=== Information supplied ===
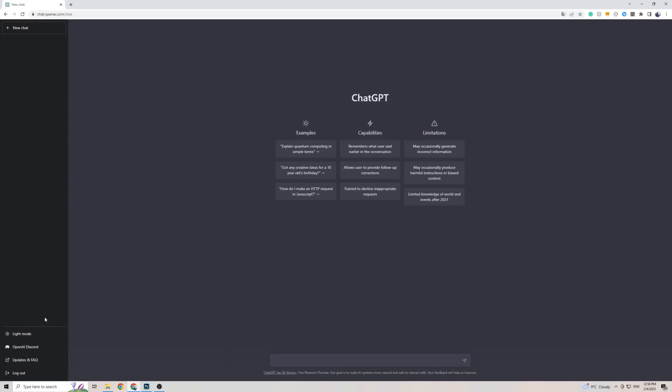As you can see on the left-hand side here, there isn't actually a settings option, which means they can't change the language or any of the settings on ChatGPT.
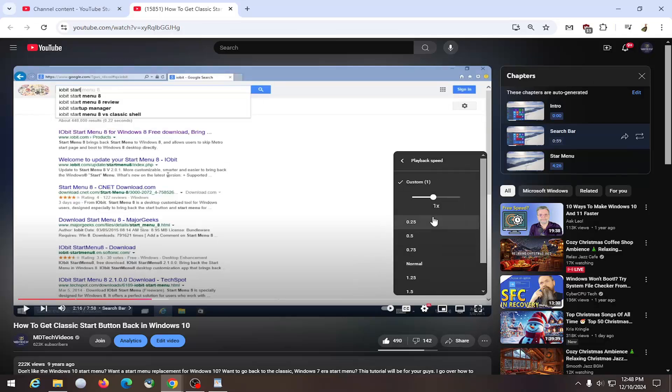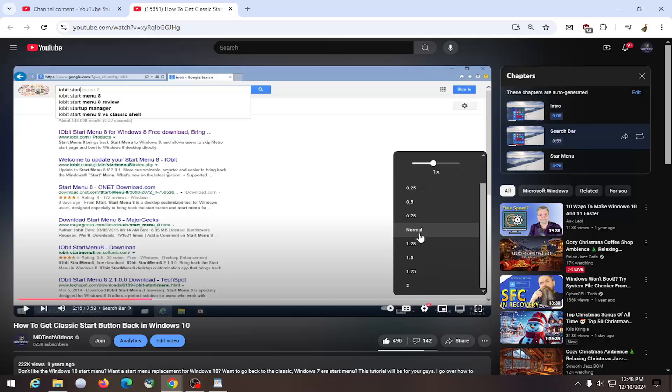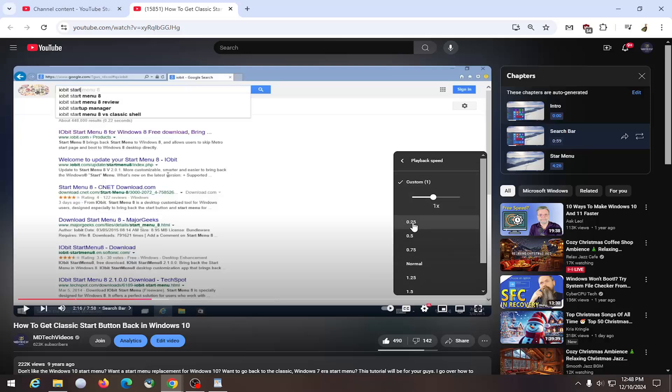Click in here and you can adjust anything between one quarter of the normal speed up to two times speed. Two means twice as fast, and 0.25 means a quarter of normal speed. You can also use the scroll bar here to adjust it on a more granular level if you choose.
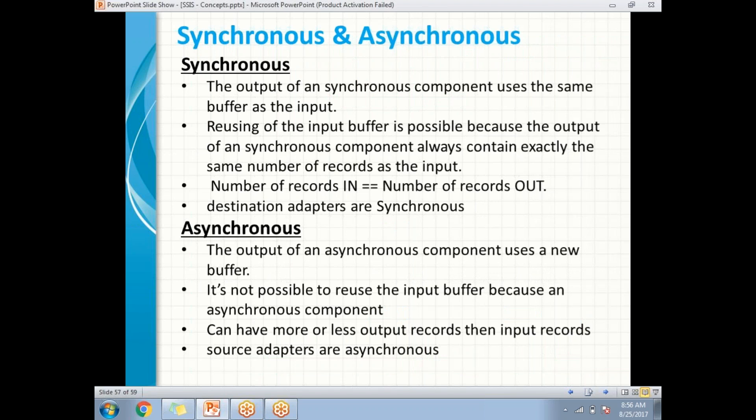A synchronous transformation component uses the same buffer as the input — it does not create a new buffer for the output. It reuses the input buffer because the number of input records equals the number of output records. It may add new columns to the input records, but it does not create new records. Finally, destination adapters are all synchronous components.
===
» **What to produce**:
From the line containing "Click in here" to the final line above, both included, transcribe every line exactly and leave all pictures out.

» **Reply to the task**:
Click in here and you can adjust anything between one quarter of the normal speed up to two times speed. Two means twice as fast, and 0.25 means a quarter of normal speed. You can also use the scroll bar here to adjust it on a more granular level if you choose.
A synchronous transformation component uses the same buffer as the input — it does not create a new buffer for the output. It reuses the input buffer because the number of input records equals the number of output records. It may add new columns to the input records, but it does not create new records. Finally, destination adapters are all synchronous components.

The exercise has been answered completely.